##### Listed records

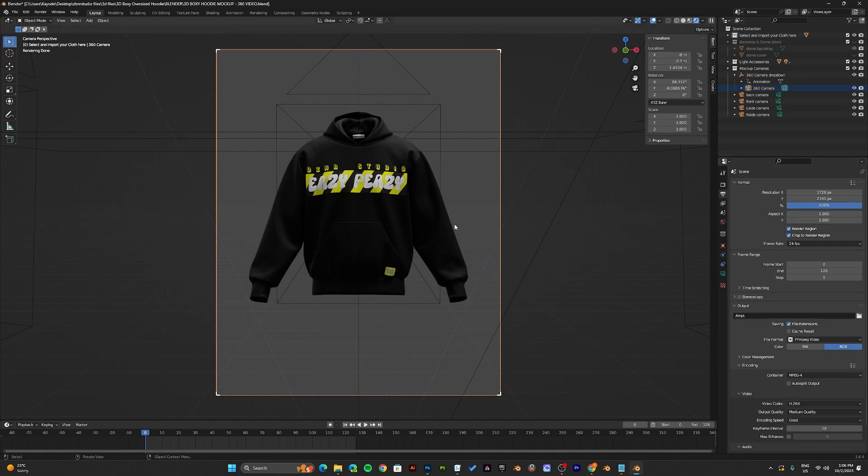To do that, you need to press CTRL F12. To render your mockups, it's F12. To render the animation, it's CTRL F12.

##########
##### Listed records

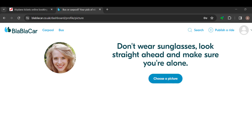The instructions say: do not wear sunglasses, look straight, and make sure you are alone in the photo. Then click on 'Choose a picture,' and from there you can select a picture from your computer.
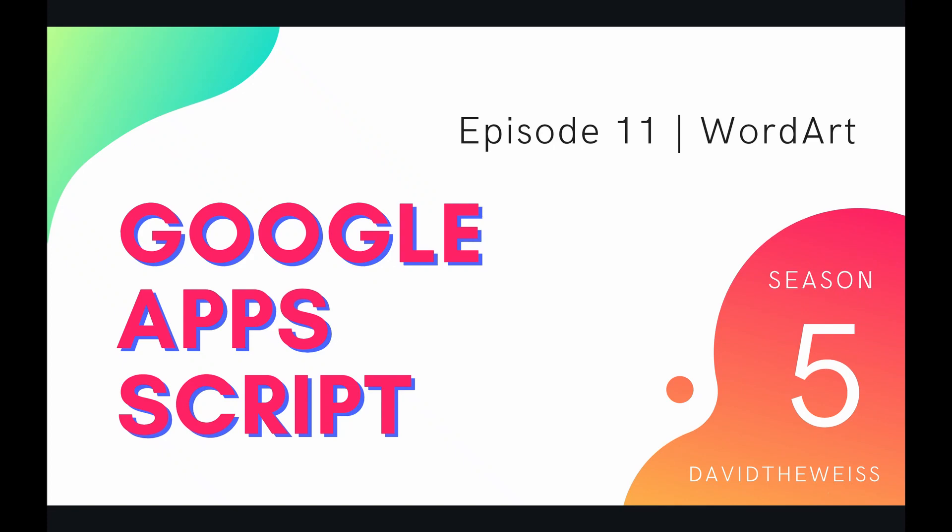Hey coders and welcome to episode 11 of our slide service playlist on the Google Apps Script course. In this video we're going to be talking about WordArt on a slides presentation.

##########

_Problem description:_
Return only the stretch above from the line containing "The instructions say: do" through the line containing "Hey coders and", word for word and without pictures.

_Response to this exercise:_
The instructions say: do not wear sunglasses, look straight, and make sure you are alone in the photo. Then click on 'Choose a picture,' and from there you can select a picture from your computer.
Hey coders and welcome to episode 11 of our slide service playlist on the Google Apps Script course. In this video we're going to be talking about WordArt on a slides presentation.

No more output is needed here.